Finite energy Dirac-Born-Infeld monopoles and string junctions
Jerome Gauntlett, Chris Koehl, David Mateos, Paul Townsend, Marija Zamaklar
TL;DR
This work shows that a single D3-brane in a supergravity D3-brane background supports finite-energy, non-singular abelian BIon monopoles and dyons that preserve ${\tfrac{1}{2}}$ or ${\tfrac{1}{4}}$ of ${\cal N}=4$ supersymmetry and saturate a Bogomol'nyi-type bound. The authors derive the D3-brane Hamiltonian in the warped background, establish a finite-energy bound, and construct explicit BIon solutions; in a two-centre background they obtain 1/4 SUSY string-junction dyons interpreted as three-string junctions. They extend these results to M-theory by showing the dual M5-brane picture yields finite-tension self-dual strings and intersecting self-dual strings, aligning with the D3-brane junctions under dualities. Overall, the paper provides a coherent abelian DBI realization of string junctions and their M-theory counterparts, connecting worldvolume solitons to brane backgrounds and SYM dualities.

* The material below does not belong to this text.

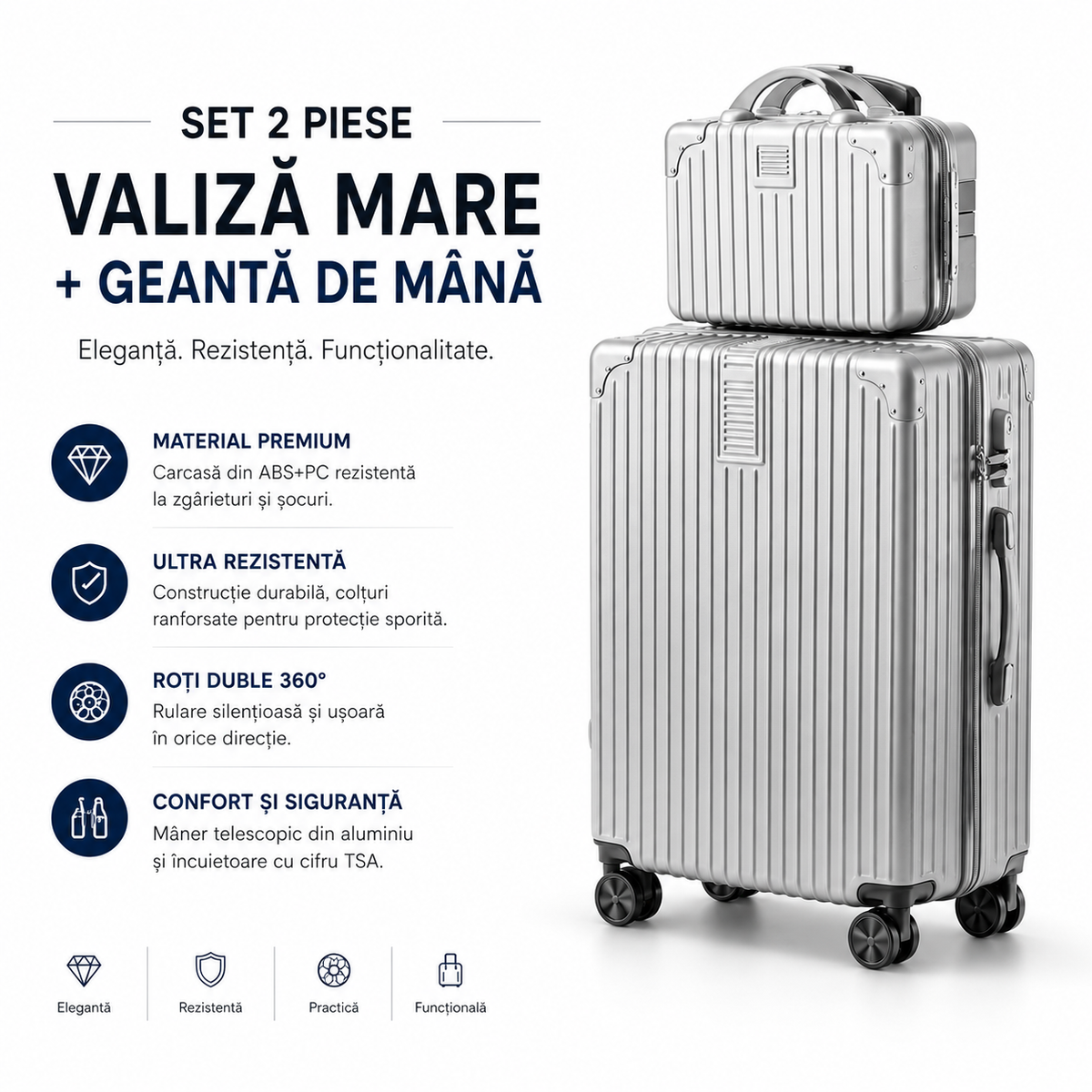 Set 2 Piese Troller și Geantă de Mână, Bagaj Cabină Avion și Cală, ABS+PC, Cifru TSA, 4 Roți Duble Silențioase 360°, Mâner Telescopic Aluminiu, Colțuri Ranforsate, Interior Compartimentat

The findings illuminate how finite-energy, BPS-like solitons arise from brane in brane backgrounds and highlight the role of harmonic functions and background warping in regulating energies of otherwise singular configurations.
Abstract
It is shown that the worldvolume field theory of a single D3-brane in a supergravity D3-brane background admits finite energy, and non-singular, abelian monopoles and dyons preserving 1/2 or 1/4 of the ${\cal N}=4$ supersymmetry and saturating a Bogomol'nyi-type bound. The 1/4 supersymmetric solitons provide a worldvolume realisation of string-junction dyons. We also discuss the dual M-theory realisation of the 1/2 supersymmetric dyons as finite tension self-dual strings on the M5-brane, and of the 1/4 supersymmetric dyons as their intersections.